首都圏佐渡連合会 産業振興フォーラム開催 (1/2)

会の活動報告

 3月4日(土)東京新潟県人会館に於いて3年振りに首都圏佐渡連合会主催の第28回産業振興フォーラムが総勢103名を迎えて開催された。第一部基調講演講師はNHKグローバルメディアサービス専門委員瓜林裕治氏、演題は「NHK・マスコミ業界の変遷」。ご自身の入局当初、駆け出し記者時代に担当した地方での事件、事故や東京の社会部記者時代に起こったロッキード事件での容疑者宅の張り込み、捜査官への夜回り、等の苦労話、また沖縄勤務時代の首里城復元、米軍基地問題、災害報道にも関わったこと、等体験談を語って頂いた。


瓜林裕治氏

 スポーツ報道センター部長時代においては長野オリンピック(1998年)に関わり、スピードスケート500メートル金メダリストの清水宏保選手が、競技の前にお腹をこわして何も食べずに競技に臨み、スタジオ入りすると直ぐに「うどんが食べたい」と言ったので直ぐに取り寄せて食べてもらい、非常にうまそうに食べていたのを今でも覚えている。500メートル競技は100分の数秒で順位が入れ替わるのでちょっとした体調の変化も許されない。清水選手は非常に厳しい訓練を長く続けていたことで弱気の虫というものを寄せ付けなかった、と感じた。もう一人印象に残っているのは、開会式のゲストに出演してもらった女子マラソン選手の有森裕子さんの「私は今でも毎日走らないと直ぐに筋肉とか心臓とか肺活量がバタッと落ちてしまい直ぐ走れなくなってしまいます」と言い、一時気が落ちて走るのをやめようかと思ったことがあるそうです。そういうときも自分と闘いながらくじけずに毎日トレーニングを欠かさずに続ける、「人間いかに毎日継続して鍛錬することが重要か」ということを有森さんが教えてくれた。継続は力なり、ということわざもありますが、世界的なアスリートの体験からの教訓はことわざより深く伝わる、と感じた、との話もして頂きました。


会場風景

 国際的なスポーツ競技においては民放との連合(ジャパンコンソーシアム)で放送権を獲得することがあり、高額な放送権料を民放と分担する話もあり、現在はニュース番組の英語副音声の担当振り分け、等の統括をしており、英語で放送されるまでの流れもしていただいた。
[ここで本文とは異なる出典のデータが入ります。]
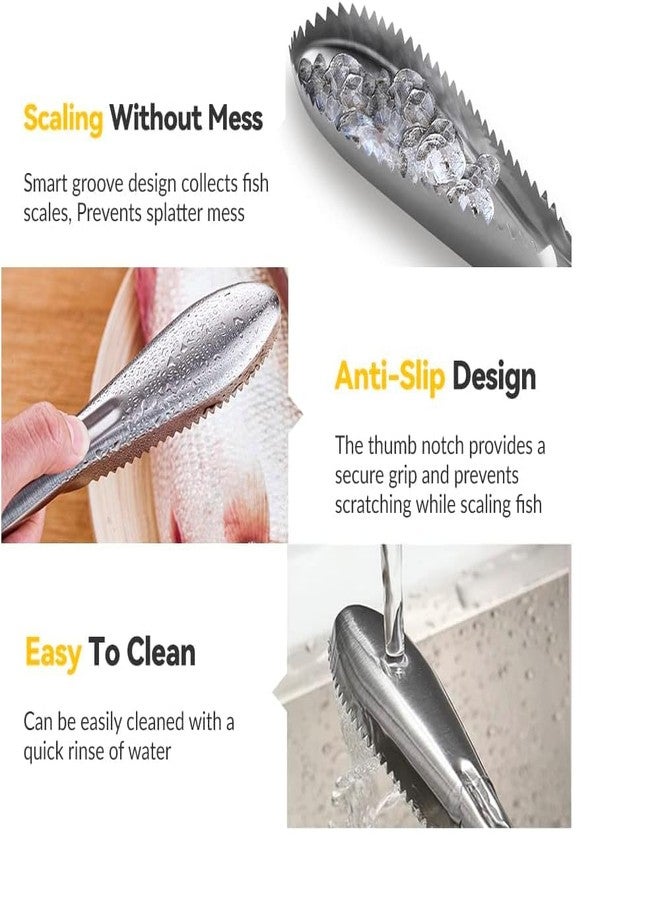 BLINE Fish Scaler Stainless Steel Fish Scaler Remover No Mess - Sturdy Fish Descaler Tool Portable Fish Scale Remover - Durable Fish Scraper Fish Cleaning Tools for Quick & Easy Fish Scaling (Pack 1) - Image 2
 広報室副部長時代(1990年代)の話として、広報といっても番組の宣伝ではなくマスコミ広報と言って職員の不祥事、番組の「やらせ」、等の問題が起こった際の新聞、週刊誌の取材窓口の部署であり、NHKの対応基本方針である、事実を曲げたり都合の悪いところを隠して発表しない、事実を小出しにしないでいっぺんに洗いざらい発表する、特定の新聞社の特ダネにしない、という必要以上に大きくしてほしくないための方法でNHKのイメージダウンを少しでも抑えるのが役目でした、との話もありました。職員の不祥事問題から受信料の不払い問題が起こり管理職が一軒一軒お詫びと説明に回ったが中々許してもらえなかった、との話もありました。

 この他、NHK会長は内閣総理大臣が任命した経営委員12人の内9人以上の賛成で選任される。NHKの予算は総務省に提出し、総務大臣の意見を付けて内閣経由で国会に提出、審議、承認の仕組みとなっている、との説明もありました。

 ヨーロッパ等の公共放送は政府から独立した放送行政組織が会長の選任、経営を行っており、独立行政委員会は世界的な流れになっているそうです。